## BRIEF
In the records below, find the line containing "אתר בנייה בראשון לציון"; copy exactly that line and all lines after it to the end, and nothing else.

## GIVEN RECORDS
════════════════════

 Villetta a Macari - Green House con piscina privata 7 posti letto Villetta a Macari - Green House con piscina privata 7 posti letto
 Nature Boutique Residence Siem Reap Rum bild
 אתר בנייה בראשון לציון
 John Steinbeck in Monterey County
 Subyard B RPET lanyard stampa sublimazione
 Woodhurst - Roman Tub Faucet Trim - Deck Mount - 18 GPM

════════════════════

## RESULT
 אתר בנייה בראשון לציון
 John Steinbeck in Monterey County
 Subyard B RPET lanyard stampa sublimazione
 Woodhurst - Roman Tub Faucet Trim - Deck Mount - 18 GPM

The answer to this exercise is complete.